WORK TO BE COMPLETED »
Print the lines in the listing below starting at the line with "Geepas 5-IN-1 Mixer" and ending at the line with "Raising Disciples Embroidered", both included. Reproduce them exactly and omit every picture.

EXCERPTED RECORDS »
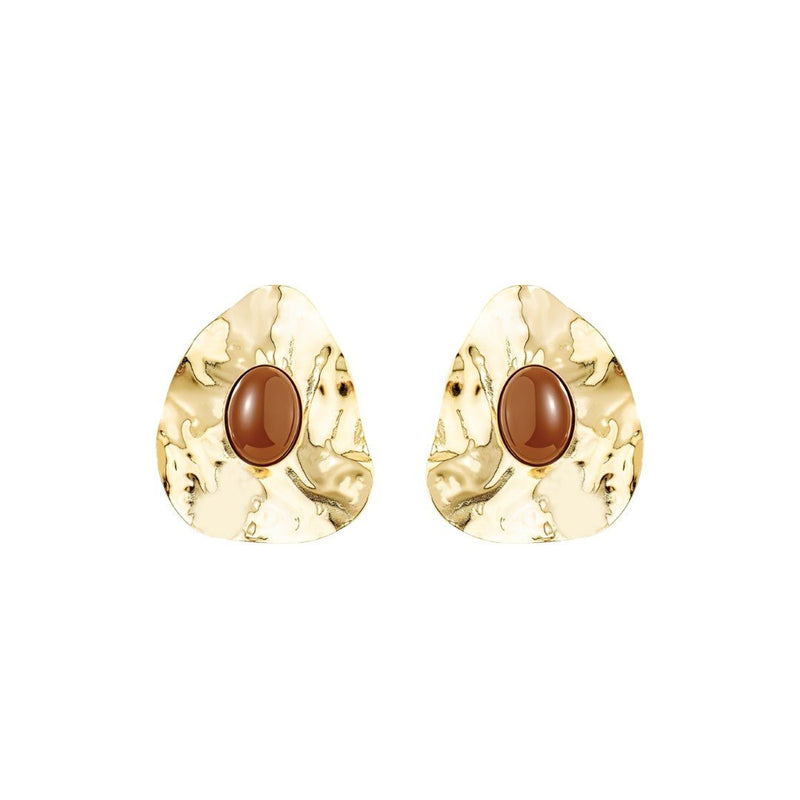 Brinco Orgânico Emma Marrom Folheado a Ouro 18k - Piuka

* * *

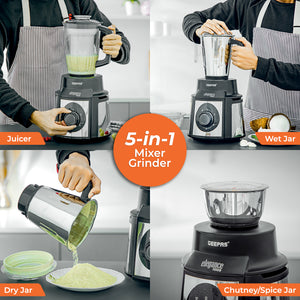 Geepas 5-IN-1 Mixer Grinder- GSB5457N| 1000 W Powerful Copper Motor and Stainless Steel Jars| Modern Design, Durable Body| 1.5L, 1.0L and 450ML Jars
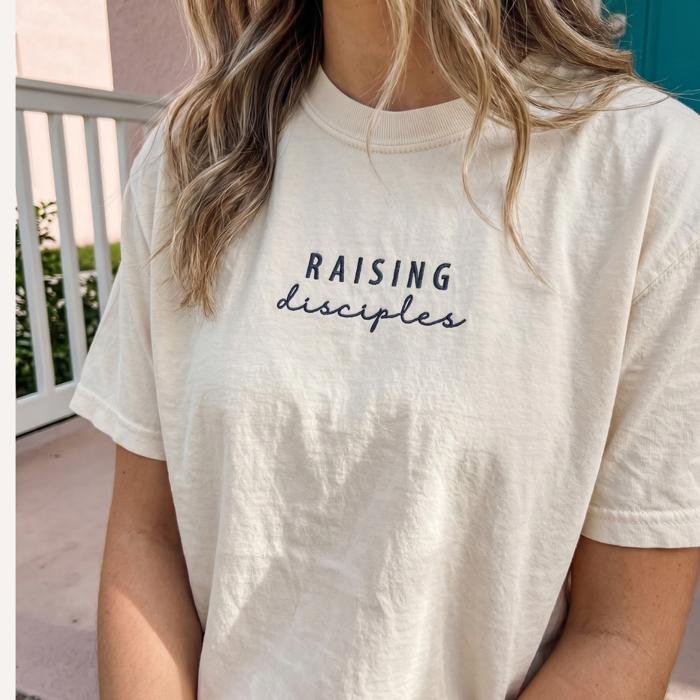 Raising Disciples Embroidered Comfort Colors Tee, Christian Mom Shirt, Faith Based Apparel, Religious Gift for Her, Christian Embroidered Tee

--

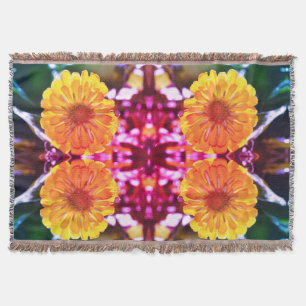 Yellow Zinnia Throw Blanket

SOLUTION TO THIS TASK »
 Geepas 5-IN-1 Mixer Grinder- GSB5457N| 1000 W Powerful Copper Motor and Stainless Steel Jars| Modern Design, Durable Body| 1.5L, 1.0L and 450ML Jars
 Raising Disciples Embroidered Comfort Colors Tee, Christian Mom Shirt, Faith Based Apparel, Religious Gift for Her, Christian Embroidered Tee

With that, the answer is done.